REFLECT: What are some of your life goals that you’ve yet to see become a reality? Has God interrupted your life and seemingly tampered with those goals? How did you respond? Do you trust YHVH with the big decisions in your life? Do you think ADONAI will call you to a life of joy and fulfillment, or a life of rules and misery? Are you always convinced that He has your best interests at heart? Sometimes HaShem sends us into a hopeless place because its there that He can demonstrate His power. Have you felt hopeless lately? Do you have a Nineveh assignment? Did you grow up with a hatred or fear of any group of people? What doesn’t seem to make sense about something God is asking of you right now?
The book of Jonah may be divided into seven scenes.

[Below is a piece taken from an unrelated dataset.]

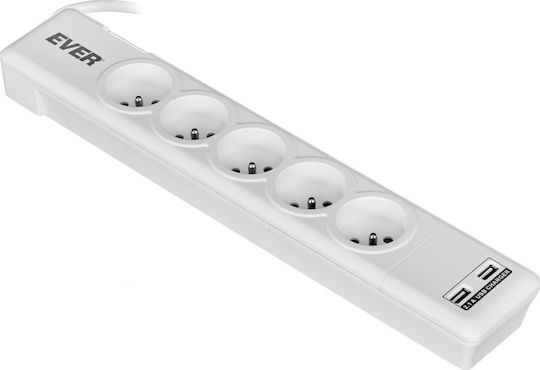 Ever Ever Elite 1.5m Πολύπριζο Aσφαλείας 5 Θέσεων με 2 USB-A και Καλώδιο 1.5m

Each scene begins with a short description, then a commentary on that scene, and finally there is a reflection on what the scene as a whole says about God.
Short description of scene one: The story gets off to a fast start in 1:1-3. Scene I introducers the characters (ADONAI, Jonah, the people of Nineveh), gives the locations (Nineveh, Tarshish, Joppa, a ship), sets the tension for the story (What will happen to Jonah and to Nineveh?), and starts the action, as Jonah attempts to run away from the presence of God. The fact that the word Tarshish is mentioned three times in 1: 1-3, and that the phrase: intending to run away from God is mentioned two times, highlight the point of the scene.18
Commentary on scene one: Now the word of YHVH came to Yonah ben-Amittai, which means my true one (1:1). The first word in the book of Jonah in Hebrew is wayehi, “and it happened,” here translated, Now . . . came. This is a typical biblical introduction to a narrative: the books of Joshua, Judges, Ruth, First and Second Samuel, Esther, Nehemiah (1:1b), and Ezekiel all begin in this way. It signals that what follows will be a story.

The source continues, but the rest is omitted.